Turns (Part Two) – Turns to Predetermined Headings, Timed Turns, and Compass Turns

Turns to Predetermined Headings

Turning the aircraft is one of the most basic maneuvers that a pilot learns during initial flight training. Learning to control the aircraft, maintaining coordination, and smoothly rolling out on a desired heading are all keys to proficient attitude instrument flying.

EFDs allow the pilot to better utilize all instrumentation during all phases of attitude instrument flying by consolidating all traditional instrumentation onto the PFD. The increased size of the attitude indicator, which stretches the entire width of the PFD, allows the pilot to maintain better pitch control while the introduction of the turn rate indicator positioned directly on the compass rose aids the pilot in determining when to begin a roll-out for the desired heading.

 

When determining what bank angle to utilize when making a heading change, a general rule states that for a small heading change, do not use a bank angle that is greater than the total number of degrees of change needed. For instance, if a heading change of 20° is needed, a bank angle of not more than 20° is required. Another rule of thumb that better defines the bank angle is half the total number of degrees of heading change required, but never greater than standard rate. The exact bank angle that equates to a standard rate turn varies due to true airspeed.

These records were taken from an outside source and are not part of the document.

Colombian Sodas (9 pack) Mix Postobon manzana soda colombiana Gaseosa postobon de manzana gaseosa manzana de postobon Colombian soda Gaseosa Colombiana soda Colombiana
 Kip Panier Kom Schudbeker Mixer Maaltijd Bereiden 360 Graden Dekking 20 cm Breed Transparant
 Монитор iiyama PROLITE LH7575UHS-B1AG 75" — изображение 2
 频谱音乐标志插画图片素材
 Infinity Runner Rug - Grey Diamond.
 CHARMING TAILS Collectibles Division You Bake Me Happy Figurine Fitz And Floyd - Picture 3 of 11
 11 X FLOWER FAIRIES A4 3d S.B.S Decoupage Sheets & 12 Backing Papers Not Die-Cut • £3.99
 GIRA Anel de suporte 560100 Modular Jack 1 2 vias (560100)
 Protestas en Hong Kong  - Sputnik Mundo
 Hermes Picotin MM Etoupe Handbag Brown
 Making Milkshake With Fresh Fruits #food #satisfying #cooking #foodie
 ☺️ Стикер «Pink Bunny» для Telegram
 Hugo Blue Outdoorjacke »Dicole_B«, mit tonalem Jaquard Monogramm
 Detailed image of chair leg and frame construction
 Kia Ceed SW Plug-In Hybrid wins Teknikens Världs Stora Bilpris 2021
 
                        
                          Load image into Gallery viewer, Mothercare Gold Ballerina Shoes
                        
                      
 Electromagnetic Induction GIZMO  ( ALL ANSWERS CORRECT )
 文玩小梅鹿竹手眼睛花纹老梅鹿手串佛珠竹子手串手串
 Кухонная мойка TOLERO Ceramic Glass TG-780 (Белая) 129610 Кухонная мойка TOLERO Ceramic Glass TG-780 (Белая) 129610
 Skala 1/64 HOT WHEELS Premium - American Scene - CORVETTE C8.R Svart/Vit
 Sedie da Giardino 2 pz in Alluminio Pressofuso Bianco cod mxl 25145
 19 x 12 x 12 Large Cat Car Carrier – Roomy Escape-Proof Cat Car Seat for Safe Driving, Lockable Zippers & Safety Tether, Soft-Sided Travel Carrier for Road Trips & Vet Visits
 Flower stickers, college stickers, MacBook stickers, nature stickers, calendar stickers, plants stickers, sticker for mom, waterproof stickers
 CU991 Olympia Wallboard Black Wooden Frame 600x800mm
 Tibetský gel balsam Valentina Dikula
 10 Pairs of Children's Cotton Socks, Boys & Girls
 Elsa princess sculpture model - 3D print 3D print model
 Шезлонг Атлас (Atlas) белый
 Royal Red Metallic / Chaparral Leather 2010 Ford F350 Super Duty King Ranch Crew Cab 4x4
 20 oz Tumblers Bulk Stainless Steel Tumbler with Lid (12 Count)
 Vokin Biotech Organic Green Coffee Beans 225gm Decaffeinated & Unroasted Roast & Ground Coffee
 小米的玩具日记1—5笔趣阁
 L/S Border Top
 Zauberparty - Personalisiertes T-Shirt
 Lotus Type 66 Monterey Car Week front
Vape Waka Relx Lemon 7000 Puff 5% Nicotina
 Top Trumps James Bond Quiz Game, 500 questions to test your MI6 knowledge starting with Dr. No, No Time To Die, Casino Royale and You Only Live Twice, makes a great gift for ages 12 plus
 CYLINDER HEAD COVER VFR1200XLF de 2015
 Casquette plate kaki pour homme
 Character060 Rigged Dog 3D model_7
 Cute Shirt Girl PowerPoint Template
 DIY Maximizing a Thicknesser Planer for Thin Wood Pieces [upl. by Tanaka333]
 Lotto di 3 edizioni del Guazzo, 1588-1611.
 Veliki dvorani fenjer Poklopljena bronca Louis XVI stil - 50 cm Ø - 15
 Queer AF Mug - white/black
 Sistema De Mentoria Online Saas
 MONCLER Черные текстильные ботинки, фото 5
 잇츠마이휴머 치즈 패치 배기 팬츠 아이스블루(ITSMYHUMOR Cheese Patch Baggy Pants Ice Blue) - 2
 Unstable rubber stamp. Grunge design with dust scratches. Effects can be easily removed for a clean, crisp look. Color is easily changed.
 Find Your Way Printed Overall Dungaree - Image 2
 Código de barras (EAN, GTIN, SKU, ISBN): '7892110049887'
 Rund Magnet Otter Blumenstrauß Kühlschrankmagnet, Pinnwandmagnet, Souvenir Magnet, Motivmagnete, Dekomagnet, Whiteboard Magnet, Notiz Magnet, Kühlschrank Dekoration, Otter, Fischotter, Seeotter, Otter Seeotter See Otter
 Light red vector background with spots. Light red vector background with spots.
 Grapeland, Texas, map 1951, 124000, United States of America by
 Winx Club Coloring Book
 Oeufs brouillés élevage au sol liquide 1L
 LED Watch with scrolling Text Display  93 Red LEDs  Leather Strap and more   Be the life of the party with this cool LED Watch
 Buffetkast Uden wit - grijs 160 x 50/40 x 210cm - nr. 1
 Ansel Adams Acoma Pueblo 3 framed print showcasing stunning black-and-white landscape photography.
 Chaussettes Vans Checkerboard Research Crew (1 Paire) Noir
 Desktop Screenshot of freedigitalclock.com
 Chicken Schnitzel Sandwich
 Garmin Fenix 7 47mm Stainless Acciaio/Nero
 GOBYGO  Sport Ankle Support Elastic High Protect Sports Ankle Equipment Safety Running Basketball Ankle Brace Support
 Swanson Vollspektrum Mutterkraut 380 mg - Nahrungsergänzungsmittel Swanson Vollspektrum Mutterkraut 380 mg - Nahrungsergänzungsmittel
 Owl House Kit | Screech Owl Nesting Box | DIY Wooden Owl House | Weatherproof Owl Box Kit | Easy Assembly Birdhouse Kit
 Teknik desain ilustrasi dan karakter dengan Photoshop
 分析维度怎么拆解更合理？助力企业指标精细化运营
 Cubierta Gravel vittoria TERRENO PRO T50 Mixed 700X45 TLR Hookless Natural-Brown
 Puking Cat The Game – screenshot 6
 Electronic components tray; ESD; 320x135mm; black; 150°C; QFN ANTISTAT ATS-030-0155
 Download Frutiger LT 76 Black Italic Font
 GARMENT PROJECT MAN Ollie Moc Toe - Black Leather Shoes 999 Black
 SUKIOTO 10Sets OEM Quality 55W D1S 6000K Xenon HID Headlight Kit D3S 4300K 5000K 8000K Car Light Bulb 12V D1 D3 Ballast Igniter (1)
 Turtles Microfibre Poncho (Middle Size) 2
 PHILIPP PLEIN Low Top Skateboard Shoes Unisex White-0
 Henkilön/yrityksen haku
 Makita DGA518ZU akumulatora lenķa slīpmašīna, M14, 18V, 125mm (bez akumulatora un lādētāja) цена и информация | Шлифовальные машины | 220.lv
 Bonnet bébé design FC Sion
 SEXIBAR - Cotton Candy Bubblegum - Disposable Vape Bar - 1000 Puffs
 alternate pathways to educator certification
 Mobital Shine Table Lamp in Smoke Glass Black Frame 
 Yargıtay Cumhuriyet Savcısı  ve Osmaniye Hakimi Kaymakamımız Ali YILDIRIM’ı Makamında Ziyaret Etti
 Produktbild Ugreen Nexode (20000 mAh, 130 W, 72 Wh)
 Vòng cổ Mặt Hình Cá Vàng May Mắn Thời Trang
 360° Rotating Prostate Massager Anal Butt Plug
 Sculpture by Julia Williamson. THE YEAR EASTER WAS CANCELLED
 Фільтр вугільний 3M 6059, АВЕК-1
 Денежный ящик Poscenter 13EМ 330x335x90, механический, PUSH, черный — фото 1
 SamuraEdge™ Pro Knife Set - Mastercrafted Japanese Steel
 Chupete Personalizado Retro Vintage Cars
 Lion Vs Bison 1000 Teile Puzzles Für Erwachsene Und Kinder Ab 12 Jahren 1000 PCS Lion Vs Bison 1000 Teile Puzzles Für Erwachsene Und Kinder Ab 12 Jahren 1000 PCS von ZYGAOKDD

With this in mind and the angle of bank calculated, the next step is determining when to start the roll-out process. For example An aircraft begins a turn from a heading of 030° to a heading of 120°. With the given airspeed, a standard rate turn has yielded a 15° bank. The pilot wants to begin a smooth coordinated roll-out to the desired heading when the heading indicator displays approximately 112°. The necessary calculations are:

15° bank (standard rate) ÷ 2 = 7.5°
120° – 7.5° = 112.5°

By utilizing this technique, the pilot is better able to judge if any modifications need to be made to the amount of lead once the amount of over- or undershooting is established.

 

Timed Turns

Timed turns to headings are performed in the same fashion with an EFD as with an analog equipped aircraft. The instrumentation used to perform this maneuver is the turn rate indicator as well as the clock. The purpose of this maneuver is to allow the pilot to gain proficiency in scanning as well as to further develop the pilot’s ability to control the aircraft without standard instrumentation.

Timed turns become essential when controlling the aircraft with a loss of the heading indicator. This may become necessary due to a loss of the AHRS unit or the magnetometer. In any case, the magnetic compass is still available for navigation. The reason for timed turns instead of magnetic compass turns is the simplicity of the maneuver. Magnetic compass turns require the pilot to take into account various errors associated with the compass; timed turns do not.

Prior to initiating a turn, determine if the standard rate indication on the turn rate indicator actually delivers a 3 degrees per second turn. To accomplish this, a calibration must be made. Establish a turn in either direction at the indicated standard rate. Start the digital timer as the compass rolls past a cardinal heading. Stop the timer once the compass card rolls through another cardinal heading. Roll wings level and compute the rate of turn. If the turn rate indicator is calibrated and indicating correctly, 90° of heading change should take 30 seconds. If the time taken to change heading by 90° is more or less than 30 seconds, then a deflection above or below the standard rate line needs to be made to compensate for the difference. Once the calibration has been completed in one direction, proceed to the opposite direction. When both directions have been calibrated, apply the calibrated calculations to all timed turns.

In order to accomplish a timed turn, the amount of heading change needs to be established. For a change in heading from 120° to a heading of 360°, the pilot calculates the difference and divides that number by 3. In this case, 120° divided by 3° per second equals 40 seconds. This means that it would take 40 seconds for an aircraft to change heading 120° if that aircraft were held in a perfect standard rate turn. Timing for the maneuver should start as the aircraft begins rolling into the standard rate turn. Monitor all flight instruments during this maneuver. The primary pitch instrument is the altimeter. The primary power instrument is the ASI and the primary bank instrument is the turn rate indicator.

Once the calculated time expires, start a smooth coordinated roll-out. As long as the pilot utilizes the same rate of roll-in as roll-out, the time it takes for both will not need to be included in the calculations. With practice, the pilot should level the wings on the desired heading. If any deviation has occurred, make small corrections to establish the correct heading.

Compass Turns

The magnetic compass is the only instrument that requires no other source of power for operation. In the event of an AHRS or magnetometer failure, the magnetic compass is the instrument the pilot uses to determine aircraft heading.